12 Eylül yönetimi, 12 Martçıların yarım bıraktıklarını katı ve kesin bir biçimde tamamlayarak sosyalist sol hareketleri neredeyse tamamıyla etkisizleştirdi. Evren ve arkadaşlarına bu da yetmemiş olacak ki, kendilerine göre ülkenin tekrar anarşizme sürüklenmemesi, yani solun tekrar yükselişe geçmemesi adına sistemli bir dinselleştirme politikası izlendi.

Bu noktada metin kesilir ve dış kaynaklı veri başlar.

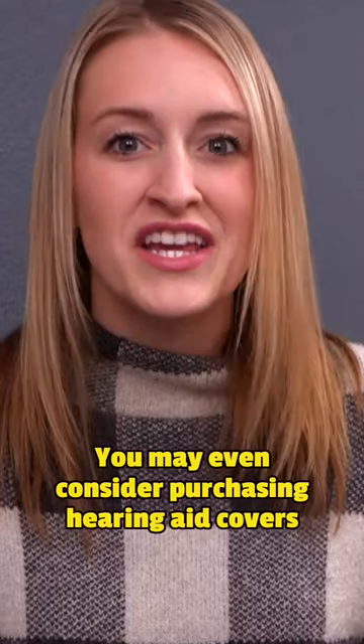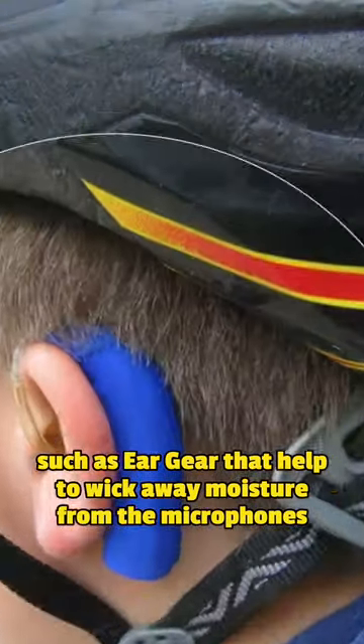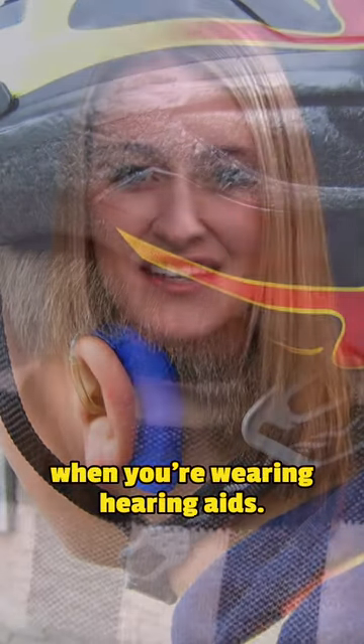You may even consider purchasing hearing aid covers, such as ear gear, that help to wick away moisture from the microphones when you're wearing your hearing aids.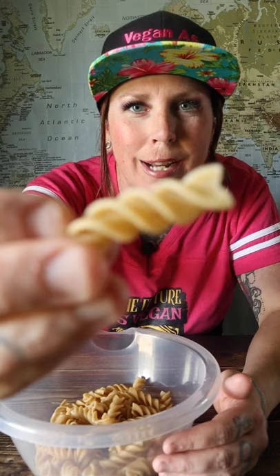You can use whatever small pasta you like, but rotini is best. Look at all those little cracks for all that flavor to just get into. Use rotini.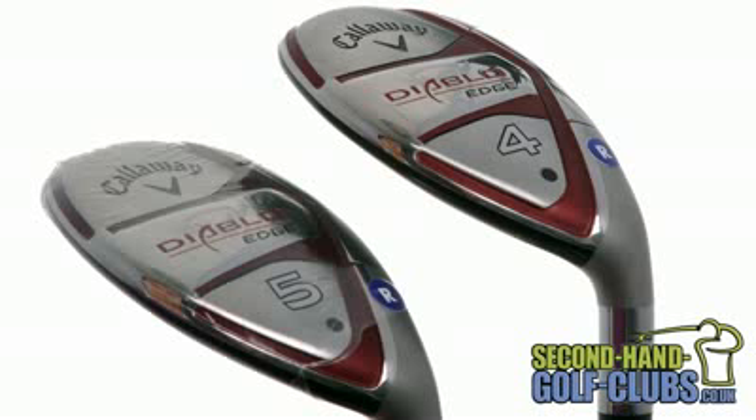With lofts available up to a 6 iron replacement, the Diablo Edge Hybrid takes the risk out of hitting long irons and allows the user to play holes with confidence and increase their greens in regulation, which will in turn lead to much improved scoring.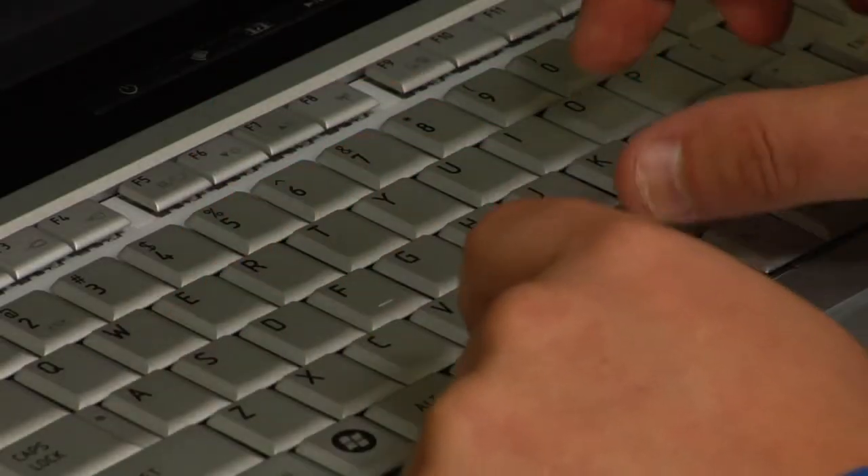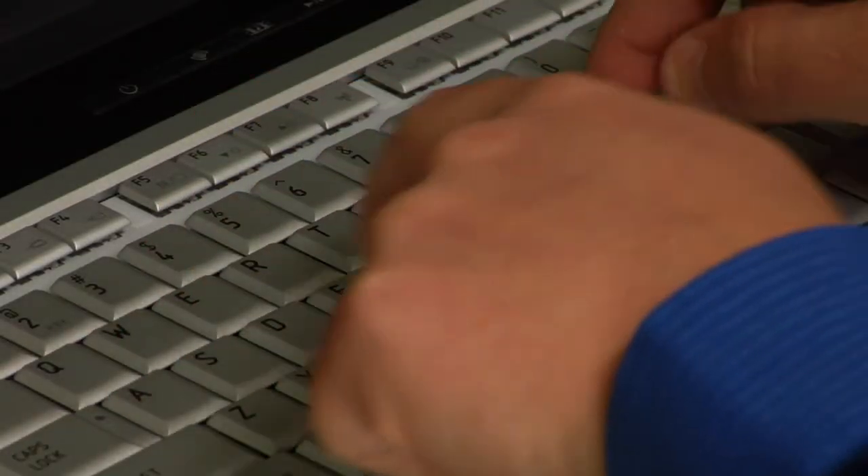Hi, I'm Chris Bryce from SuperService.com. We're going to talk today about how to type, or the best way to type. Now a lot of people out there are what they call hunt and peck typers, where you use two fingers and try to find where your keys are at on the keyboard. The proper way to type is actually what they call the home row technique.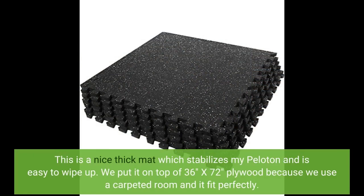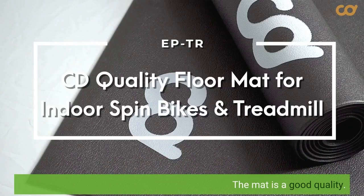We put it on top of 36 inches by 72 inches plywood because we use a carpeted room, and it fit perfectly. The mat is good quality.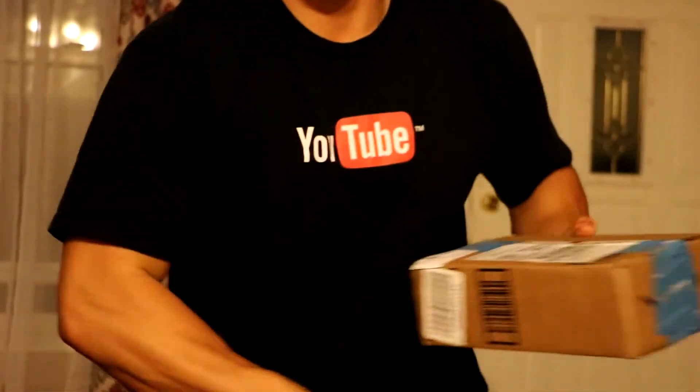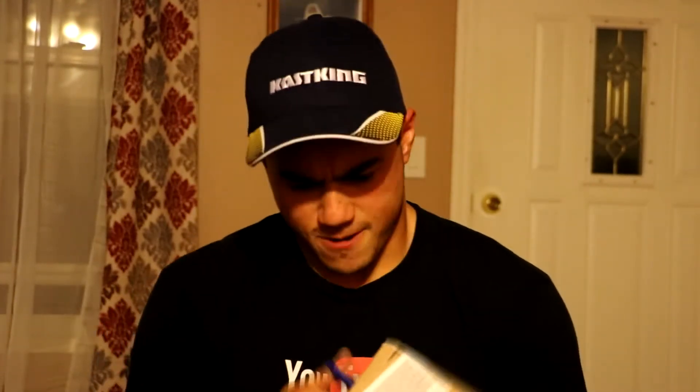I need some scissors. Let me just take these off real quick and we'll get to the unboxing. Got a pair of scissors right here. Let's open it up and see what is inside.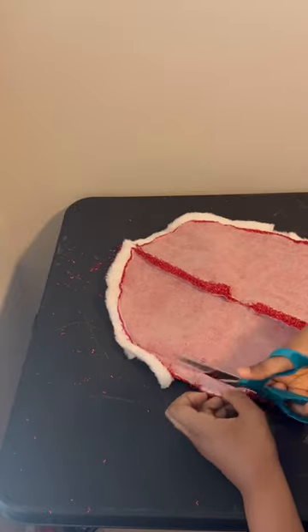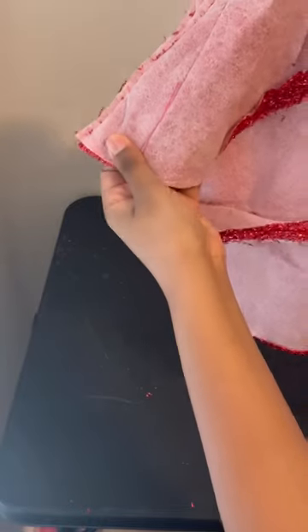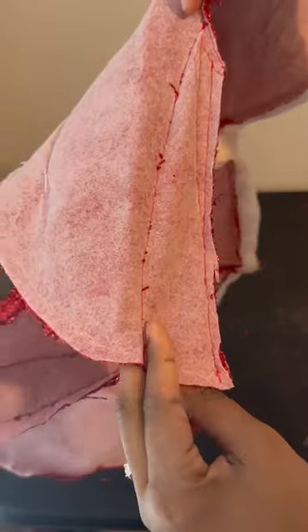Right here, I have already stitched the two front pieces together — that will make the front part of my bodice. As you can see right here, I did end up having to dart both sides of the bodice so it can give it more of a shape for the breast area.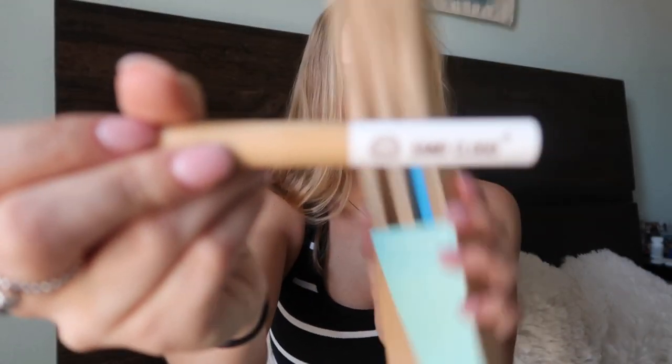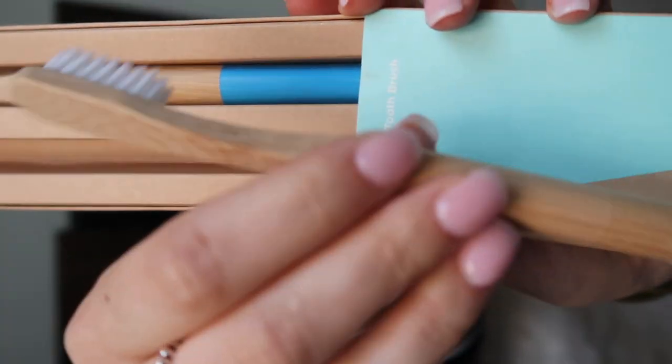I didn't get a whole bunch of stuff because you never know buying online what things are going to be like, so I just got a small order. I'm definitely going to be getting some towels because the reviews are amazing and they look so cute. First up, I got these bamboo toothbrushes — they're the most adorable thing ever. One is white and one is blue, and they have the little Sand Cloud logo on the front.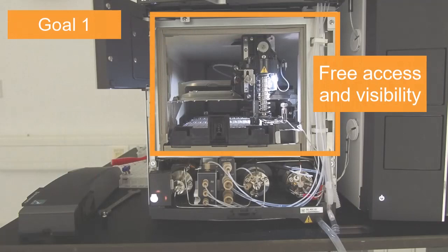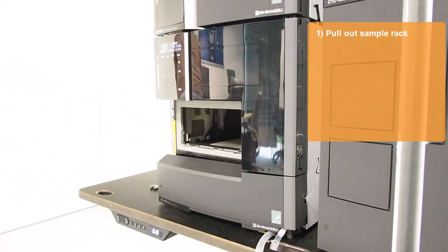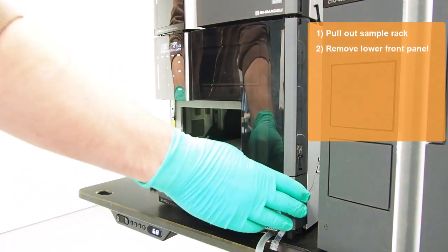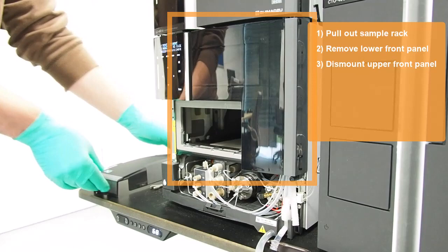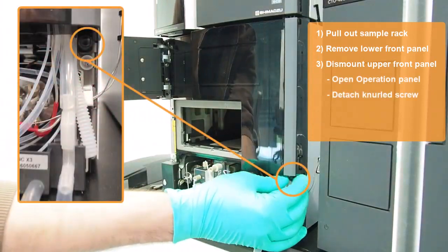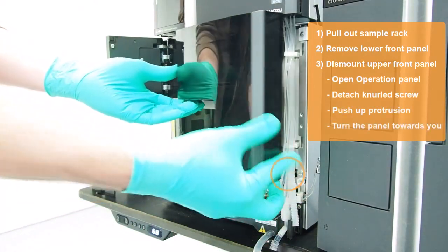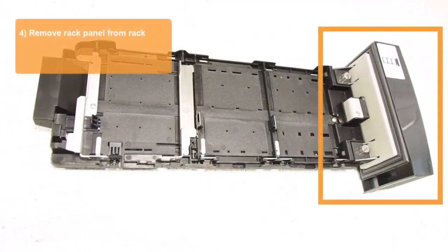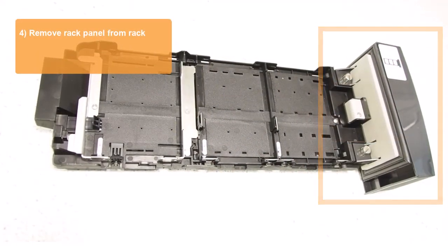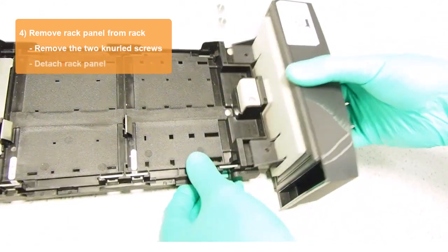Our first goal is to ensure free access and visibility to the inside of the auto-sampler. Pull out the sample rack and set it aside, then remove the lower front panel. Open the operation panel and attach the knurled screw at the bottom right. Push up the protrusion and turn the upper front panel towards you to remove it. Now remove the rack panel from the sample rack by turning the two knurled screws and removing them.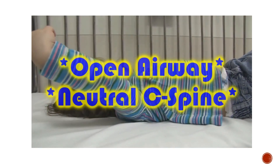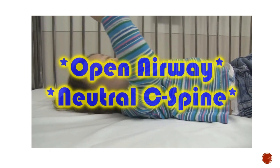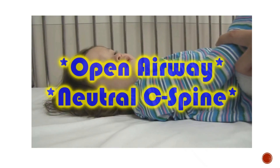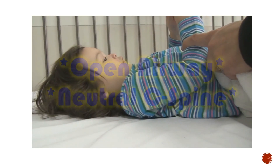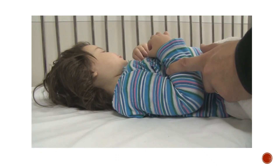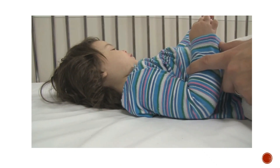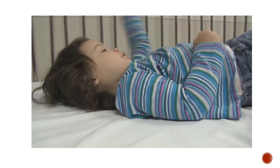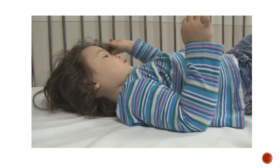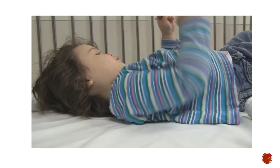So, what we're going to do today is demonstrate the benefits of putting a towel underneath the shoulder. When children are laying flat on a backboard, or if you're getting ready to intubate, the alignment is not perfect. Putting padding under the shoulders will give you more of a neutral C-spine and will get rid of that anterior flexion you see because of the large head.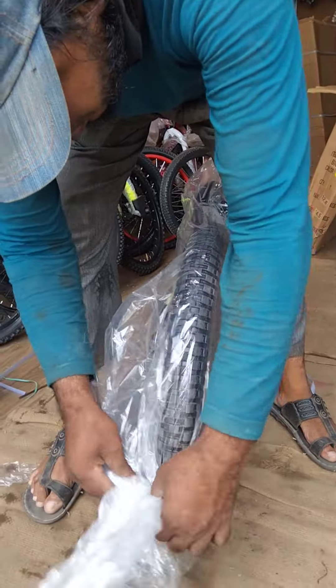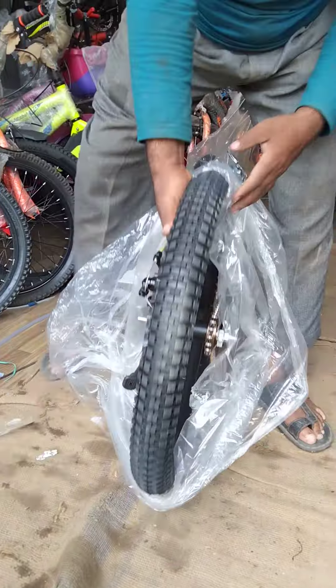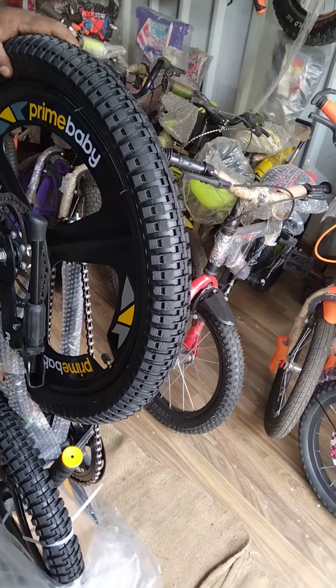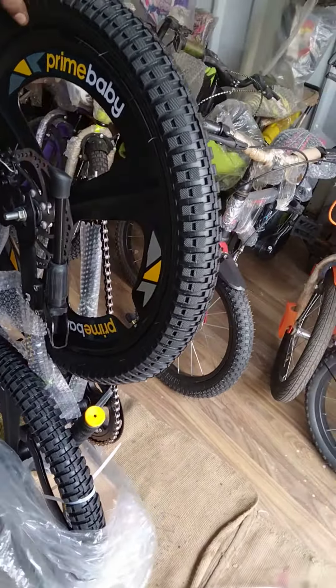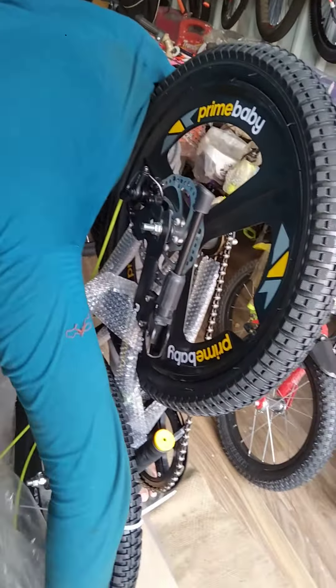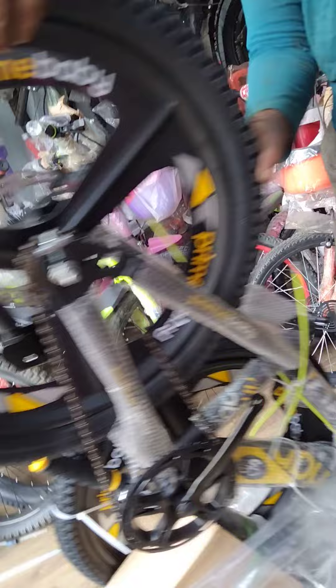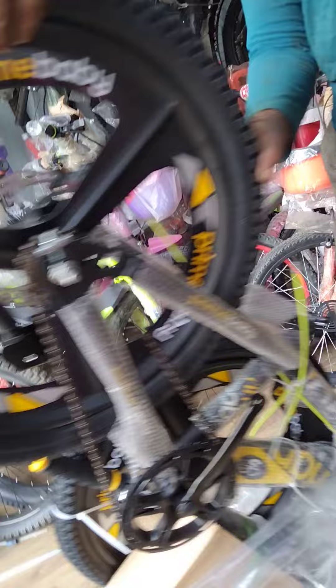Unboxing time baby! 20 inch non-gear cycles. So, let's go.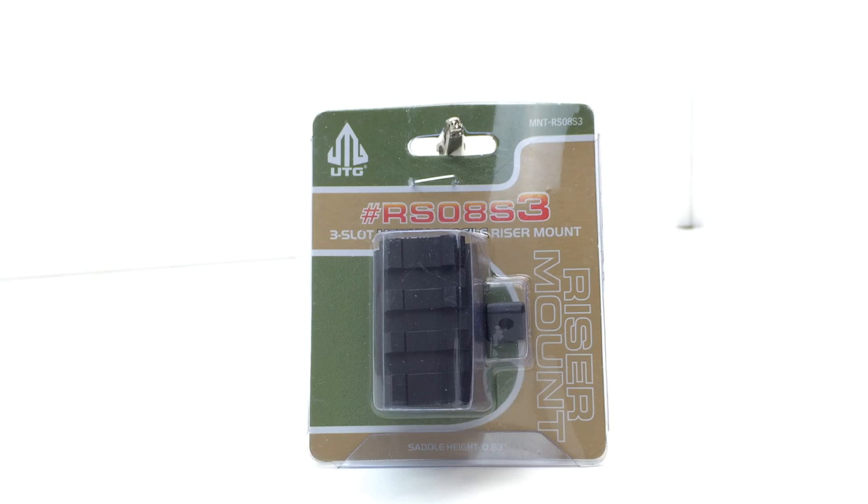After I did the Bushnell TRS-25 high-rise review, I had a good number of subscribers ask me about other mount options and one-third co-witness versus absolute co-witness. So I'm going to talk about another riser mount option that I mentioned in the other video, which is the UTG medium profile riser.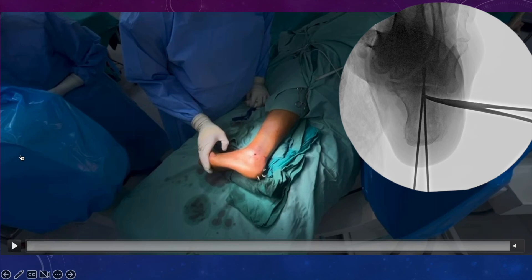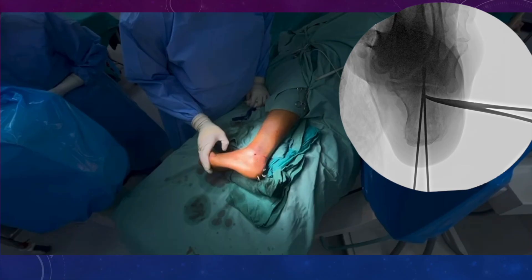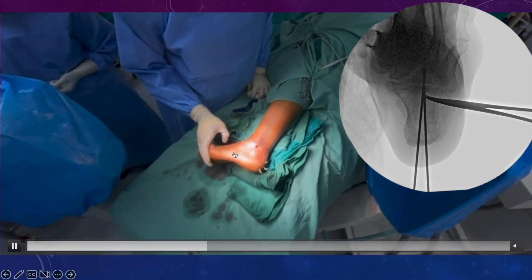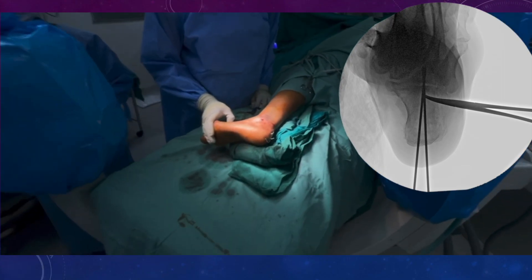Now you see we have rotated the C-arm console as we normally do for lateral views, so the beam is now passing in line with the posterior facet and we should get a good axial view. You see the foot end of the table is free and there is no hindrance to the C-arm console. The beam is passing in this direction, which is actually representing the posterior facet, and therefore there is no hindrance in the axial view for the calcaneum.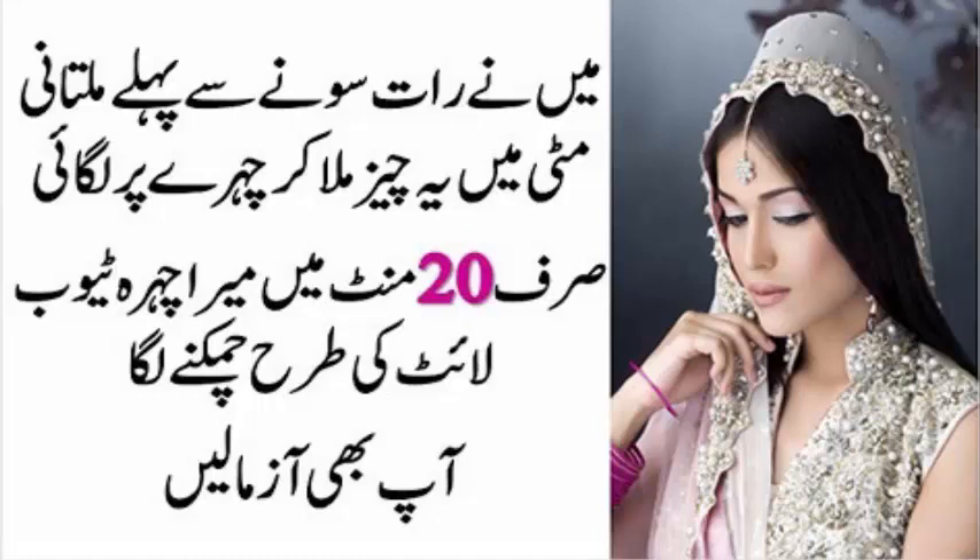تو ویوورز، تھینکس فور واچنگ! میری ویڈیو کو لائک اور شیئر ضرور کیجیے گا۔ ملتے ہیں ایک اور نئی ویڈیو میں، تب تک کے لیے اللہ حافظ۔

Bu politika 10 yıl içinde ürünlerini vererek doksanlı yılların başında Refah Partisi’nin yükselişini sağladı. Ancak Refah Partisi lideri Necmettin Erbakan’ın ABD karşıtlığı büyük bir sorun yaratmaktaydı. Buna karşı çareler arayan ABD’nin Ortadoğu şeflerinin de katkılarıyla parti içinde gelenekçi-yenilikçi ayrımı oluşturuldu. Recep Tayyip Erdoğan, Abdullah Gül gibi isimlerin başını çektiği yenilikçilerin hem ABD ile araları iyiydi hem de 1995 yılında ilk kez dile getirilen Büyük Ortadoğu Projesi kapsamında ılımlı İslam anlayışına göre tavır almaya hazırdılar.
İşte bu sebeple, dinselleşmenin etkilerinden yararlanan Erbakan en nihayetinde 1996 yılında başbakan olmasına rağmen sadece bir yıl görevde kalabildi ve ardından gelişen süreçte yenilikçilerin önü açılarak AKP iktidarı kurulmuş oldu. Öyle ki, Erbakan’ın başbakanlıktan ayrıldığı 1997 yılında bile ABD kaynaklarında beş yıl sonrası için Erdoğan’ın başbakan, Gül’ün ise dışişleri bakanı olacağı yazılıyordu.
İktidara hazırlandığı ve yerleştiği dönemde Erdoğan, henüz başbakan olmadan önce Beyaz Saray’da başkan Bush ile görüşebiliyor, başbakan olduktan sonra da 2004'teki ABD ziyaretinde American Jewish Committee (AJC) tarafından kendisine ödül veriliyor ve 2006 yılında Büyük Ortadoğu Projesi’nin eş başkanlarından biri olduğunu açıkça dile getirebiliyordu.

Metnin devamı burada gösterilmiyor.